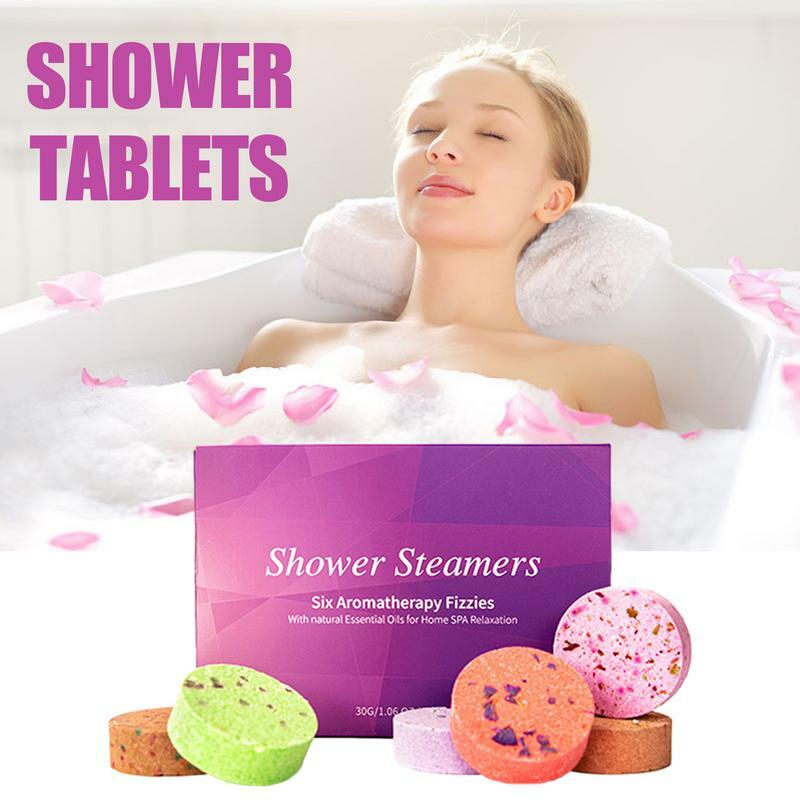 6pcs Aromatherapy Essencel Oil Stress Relief Shower Steamers Bathing Spa Essential Dried Flower Fragrance Fragrant shower tablet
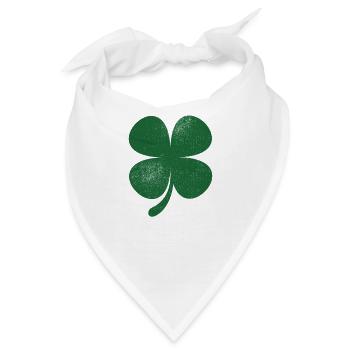 Distressed Green Vierblättriges Kleeblatt St. Patricks - Bandana - Weiß - Vorne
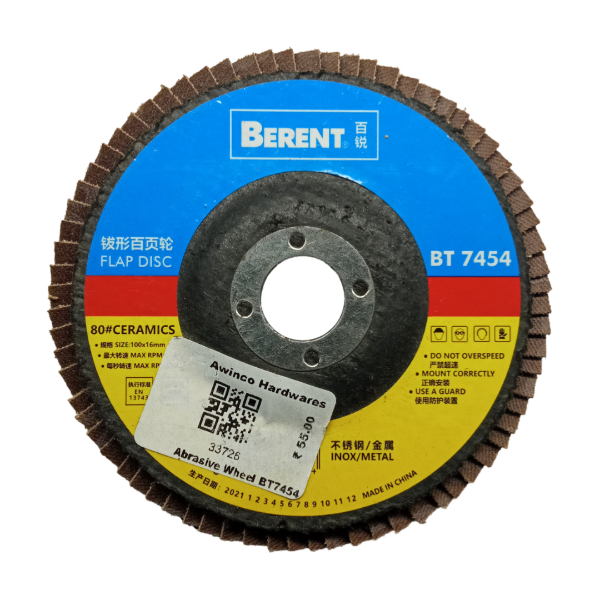Picture of BERENT Flap Disc 80# Ceramics 100×16 BT7454 (Abrasive wheel)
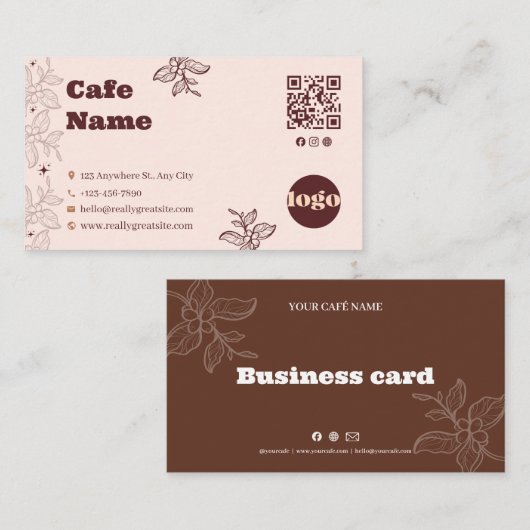 Boho-Café Geschäfts Karte (Vorne/Hinten)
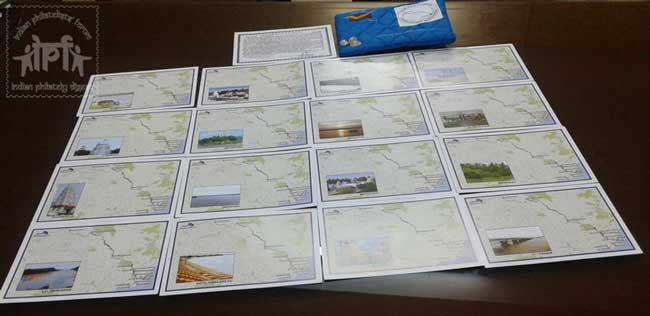 Picture postcards tracing the path of Godavari with the cancellations released at Hyderabad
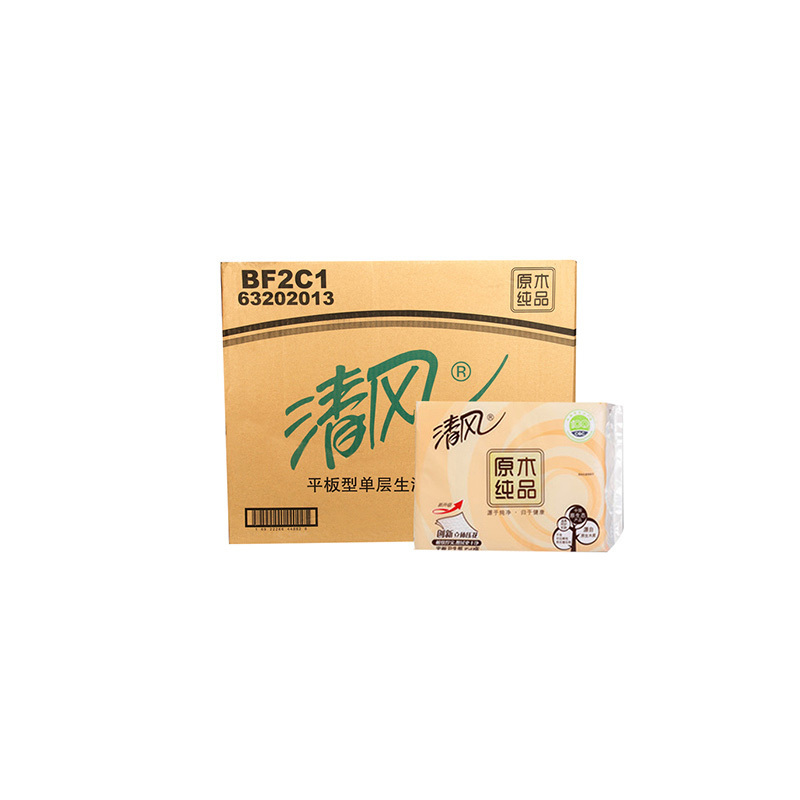 清风 平板卫生纸350张整箱30包家用无香纸巾原木纯品加厚立体压花卫生纸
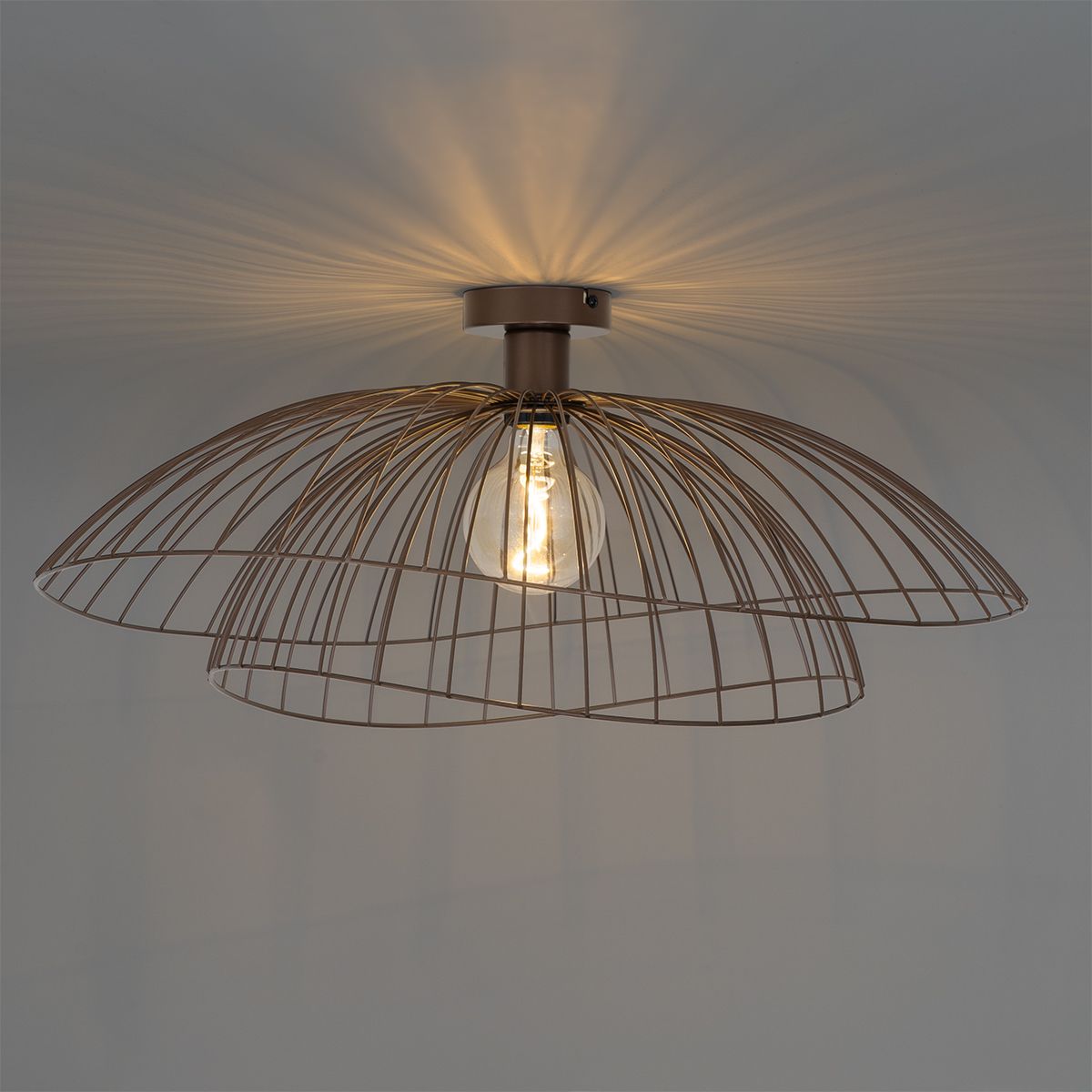 Smart plafondlamp brons met dubbele kap 45cm incl. Wifi G95 - Pua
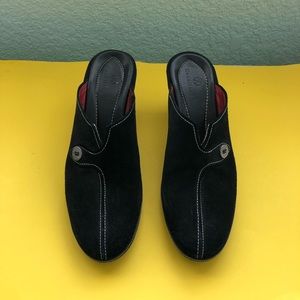 Cole Haan Black Suede Mules 8 1/2 AA- GUC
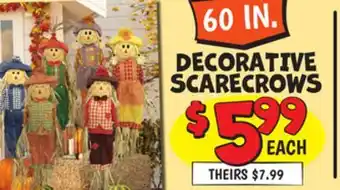 Ollie's DECORATIVE SCARECROWS offer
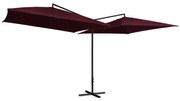 vidaXL Parasol dubbel met stalen paal 250x250 cm bordeauxrood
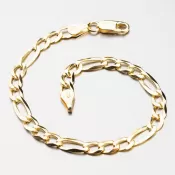 Strieborný náramok Figaro pozlátený CHRS-073-150-FLAT-AU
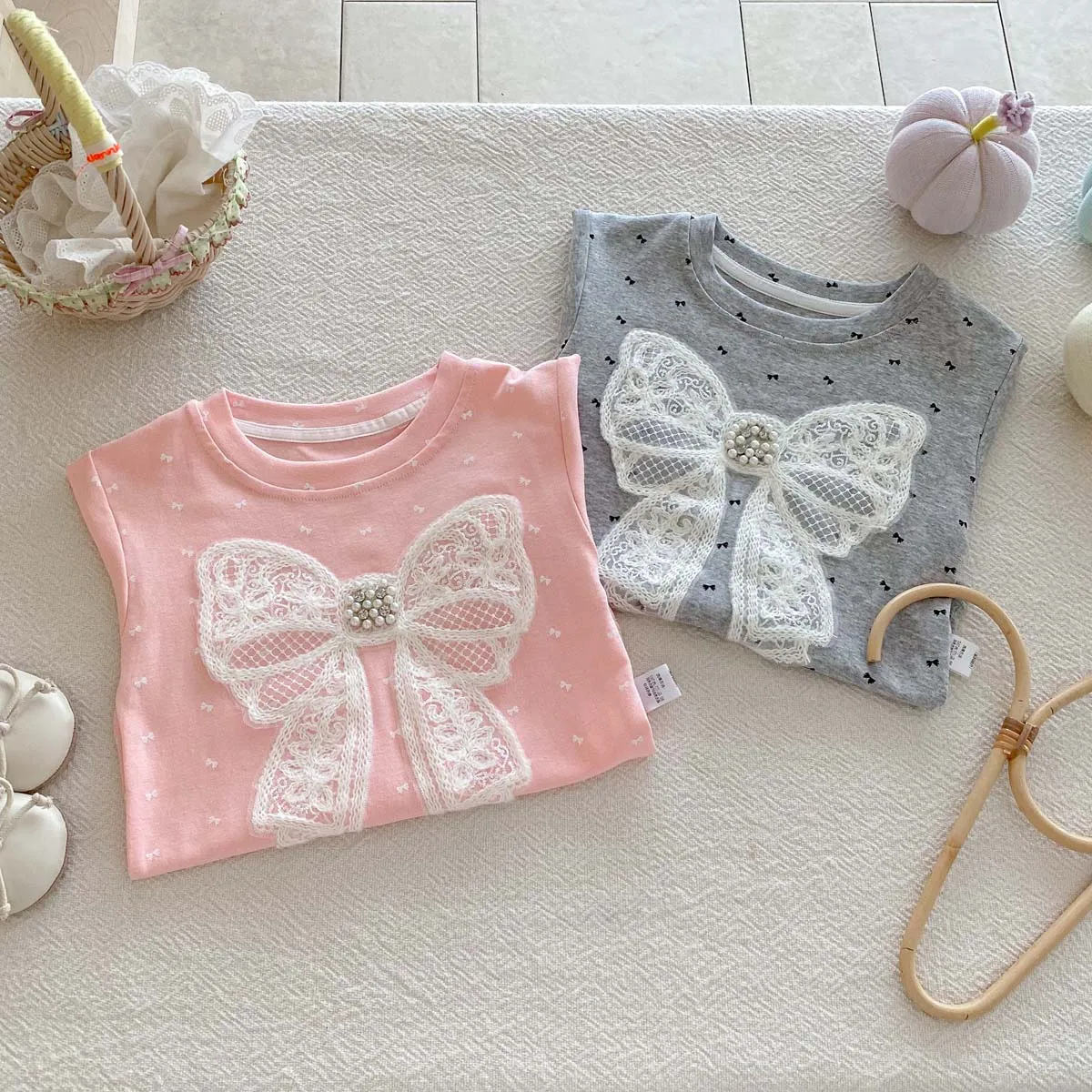 Girls' Pearl Short Sleeve Summer Top with Bow — Image 12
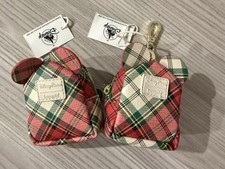 Disney Parks Loungefly Christmas Plaid Mickey Mini Backpack Bag Charm Set Of 2 picture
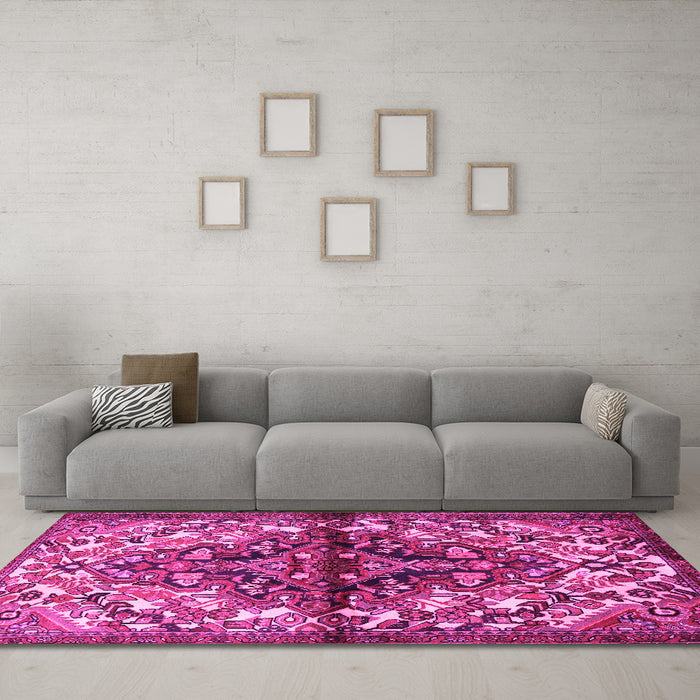 Machine Washable Persian Pink Traditional Rug in a Living Room, wshtr3122pnk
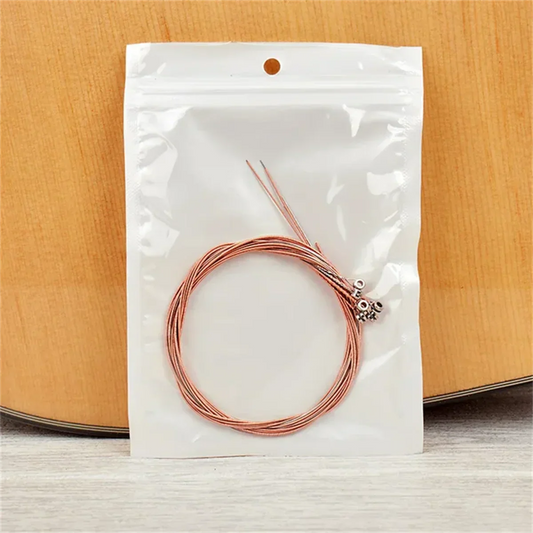 Miwayer 1 set copper acoustic guitar strings with silver metal string heads in clear packaging for musical instrument replacement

++++++++++

## [Your task]
Only one part of the material above is wanted: the lines from the one with "Smart plafondlamp brons" up to and including the one with "Strieborný náramok Figaro". Please copy them exactly, pictures left out.

## [Response to the task]
 Smart plafondlamp brons met dubbele kap 45cm incl. Wifi G95 - Pua
 Cole Haan Black Suede Mules 8 1/2 AA- GUC
 Ollie's DECORATIVE SCARECROWS offer
 vidaXL Parasol dubbel met stalen paal 250x250 cm bordeauxrood
 Strieborný náramok Figaro pozlátený CHRS-073-150-FLAT-AU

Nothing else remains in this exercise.